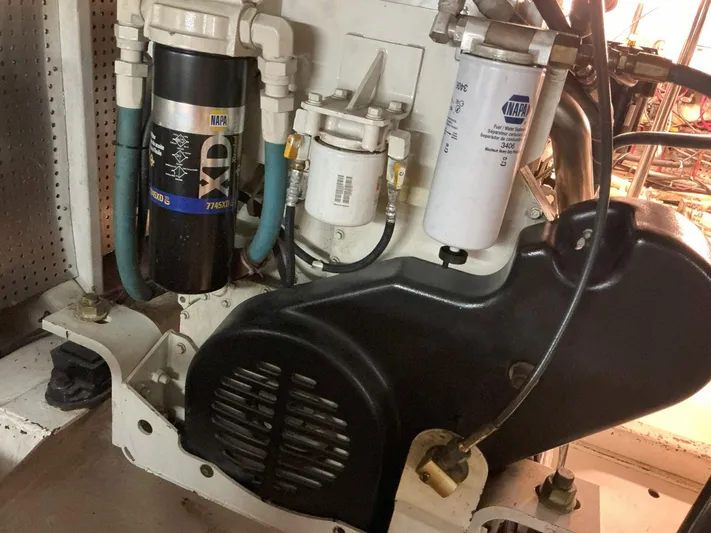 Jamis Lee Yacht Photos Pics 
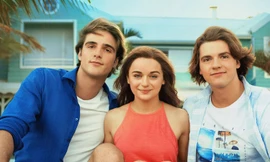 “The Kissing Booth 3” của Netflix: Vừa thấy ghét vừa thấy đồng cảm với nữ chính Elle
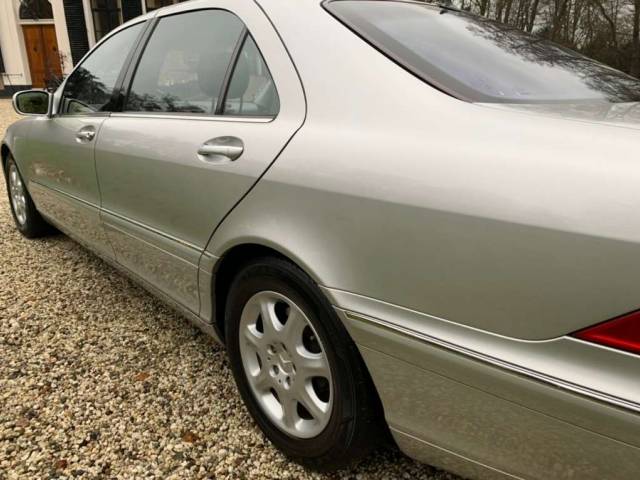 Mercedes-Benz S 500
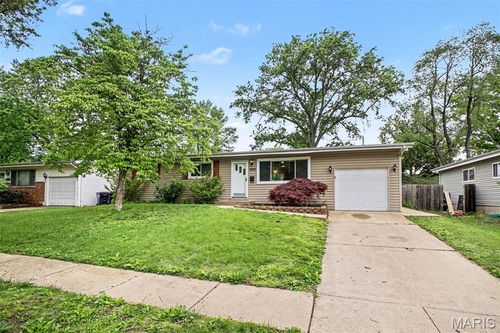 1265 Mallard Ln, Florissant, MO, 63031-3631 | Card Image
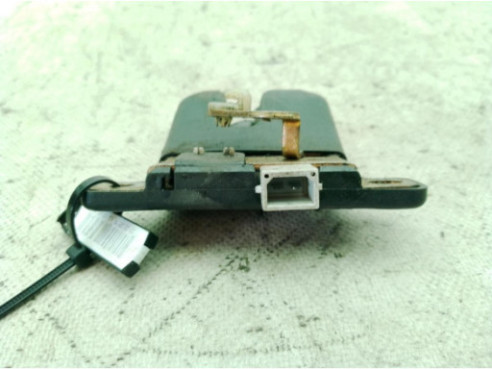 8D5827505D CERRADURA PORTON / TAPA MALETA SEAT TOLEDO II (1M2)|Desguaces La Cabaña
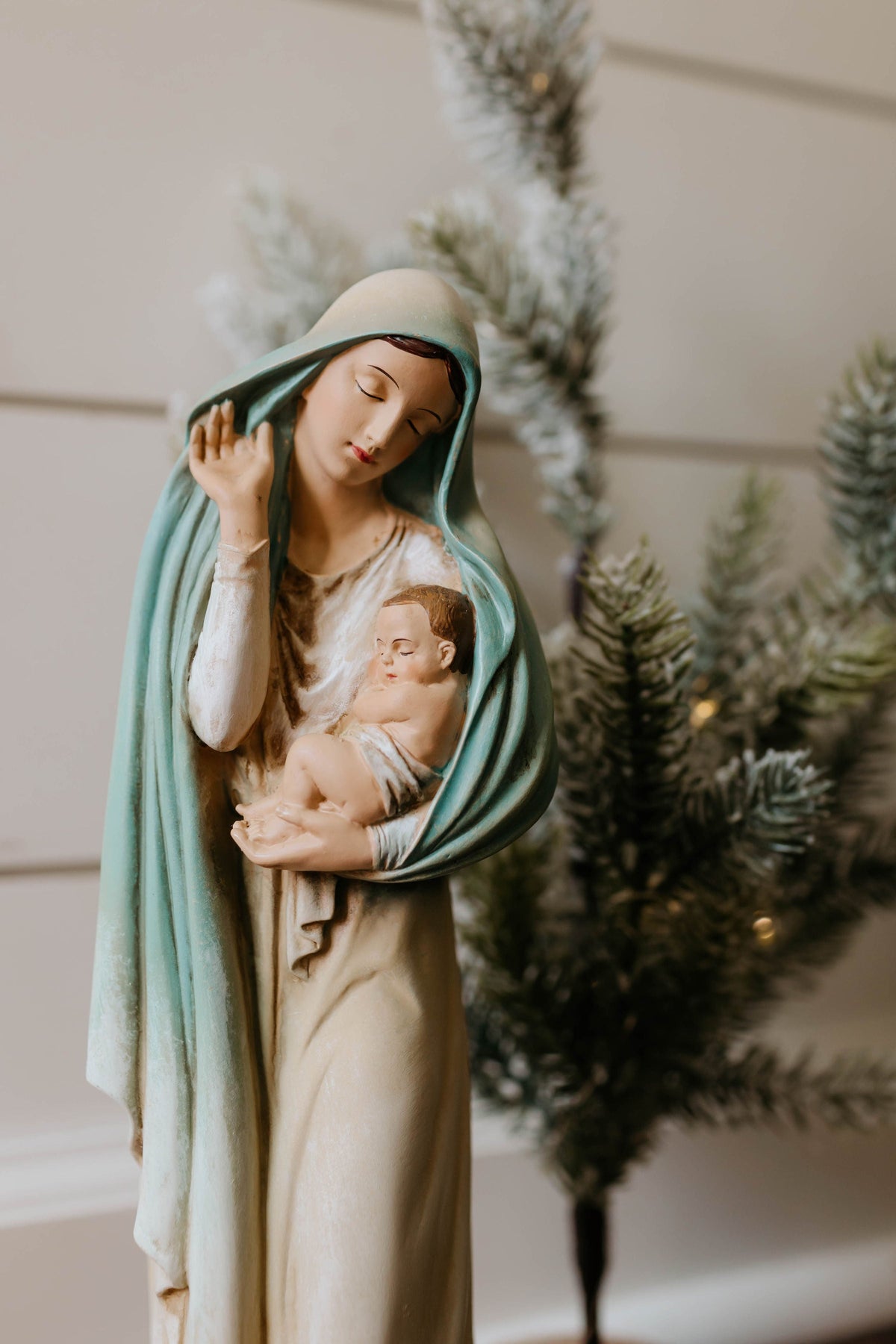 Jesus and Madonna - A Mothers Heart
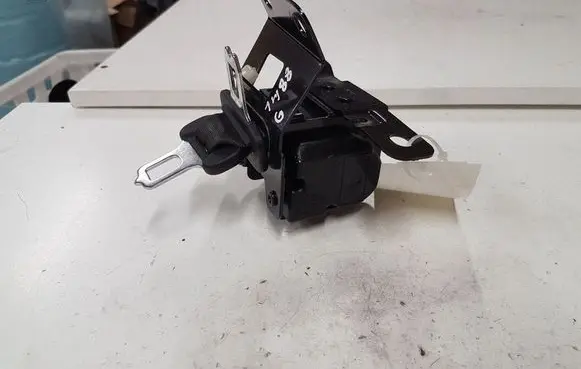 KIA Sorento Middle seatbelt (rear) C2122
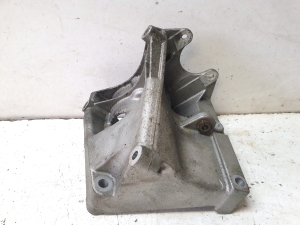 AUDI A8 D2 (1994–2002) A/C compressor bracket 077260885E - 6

* * * * * * *

Exercise instructions> Since the copy must exclude the pictures, transcribe only the text of the records, word for word.

Response area>
 Jamis Lee Yacht Photos Pics 
 “The Kissing Booth 3” của Netflix: Vừa thấy ghét vừa thấy đồng cảm với nữ chính Elle
 Mercedes-Benz S 500
 1265 Mallard Ln, Florissant, MO, 63031-3631 | Card Image
 8D5827505D CERRADURA PORTON / TAPA MALETA SEAT TOLEDO II (1M2)|Desguaces La Cabaña
 Jesus and Madonna - A Mothers Heart
 KIA Sorento Middle seatbelt (rear) C2122
 AUDI A8 D2 (1994–2002) A/C compressor bracket 077260885E - 6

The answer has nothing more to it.